The theoretical maximum performance becomes the guiding star for all manufacturers. However, the critical variable lies in execution efficiency and how closely each manufacturer approaches that theoretical ceiling. Red Bull chief engineer Paul Monaghan previously acknowledged that logic suggests a small combustion engine deficit compared to manufacturers carrying over knowledge from current-generation power units.
Rushbrook countered that any gap should be minimal: “Because yes, existing engine manufacturers have all those years of experience, but it’s still a bit different again with these rules for 2026. And we’ve got a lot of experienced people that came in from other programs to find it together.

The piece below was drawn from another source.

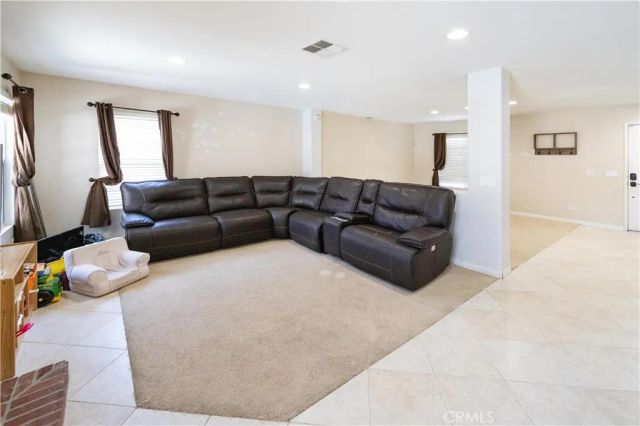 5914 Honeysuckle, San Bernardino, CA 92407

So even if we’re a little bit behind with the combustion engine, we don’t think it’s going to be by much, and we’ll make up for it in everything else.”
FIA safety net aims to prevent 2014 repeat
The governing body has implemented the Additional Development and Upgrade Opportunities system to prevent the prolonged dominance witnessed after the 2014 regulation change, when Mercedes established an insurmountable advantage that persisted for years.

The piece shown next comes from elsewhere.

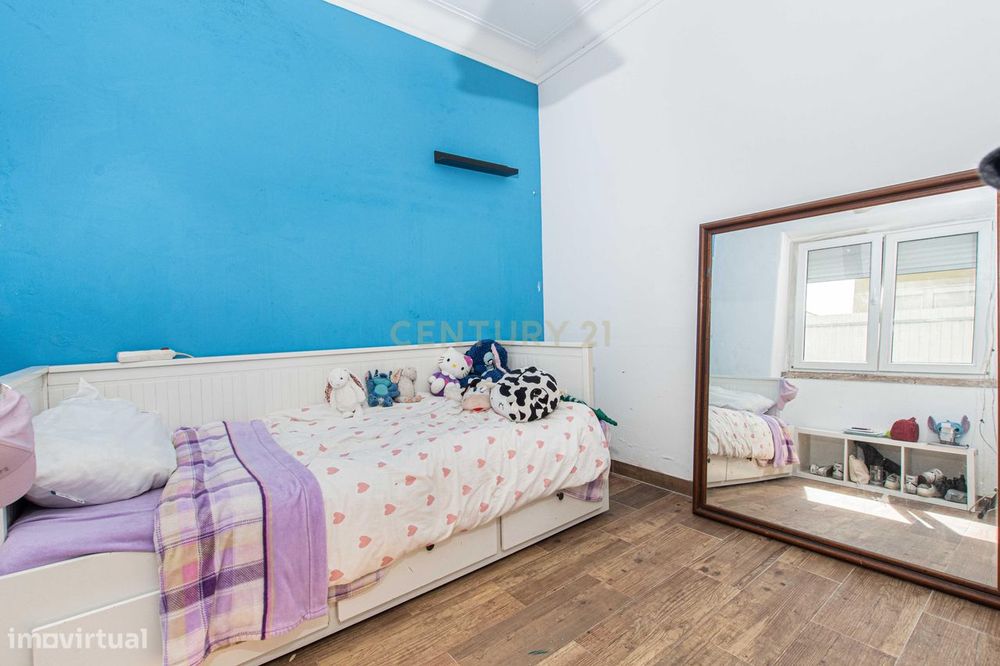 Apartamento T2 remodelado (Penha de França) -  (PROPOSTAS MULTIPLAS)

Under ADUO, the FIA will assess power unit performance after races 6, 12 and 18 of the 2026 season. Manufacturers trailing the leading combustion engine by 2-4% receive one additional upgrade token, while those more than 4% behind gain two extra development opportunities.
Rushbrook endorsed the concept: “I think where we are now, is good because it is appropriate for the sport, right? We want everybody to have a chance to be competitive. So, by adding in those changes in the regulations to allow people to catch up, I think it’s the right thing for the sport.”
Critics have labelled ADUO as Balance of Performance through the back door, but both the FIA and Ford reject that characterisation. Balance of Performance involves artificially equalising different technical architectures, typically in sports car racing where various manufacturers run fundamentally different car designs. The F1 system instead provides catch-up mechanisms for teams working within identical technical regulations who fall behind during development.
What this means for Red Bull’s 2026 campaign
The four-time world champion team faces uncertainty unprecedented in its modern history. After years of championship contention with Renault power and ultimate success with Honda, Red Bull now stakes its competitive future on internally developed technology. The Ford partnership brings expertise and resources, but cannot eliminate the risks inherent in power unit manufacturing.
Wolff’s Mount Everest analogy captures the scale of the challenge, yet Rushbrook maintains the preparation has been optimal given the circumstances. The convergence of personnel from various successful programmes provides a knowledge base that may offset the lack of institutional experience. Whether that proves sufficient remains the defining question as Barcelona winter testing approaches and the 2026 season draws nearer. Cautious optimism pervades the Ford camp, tempered by the recognition that only track performance delivers definitive answers.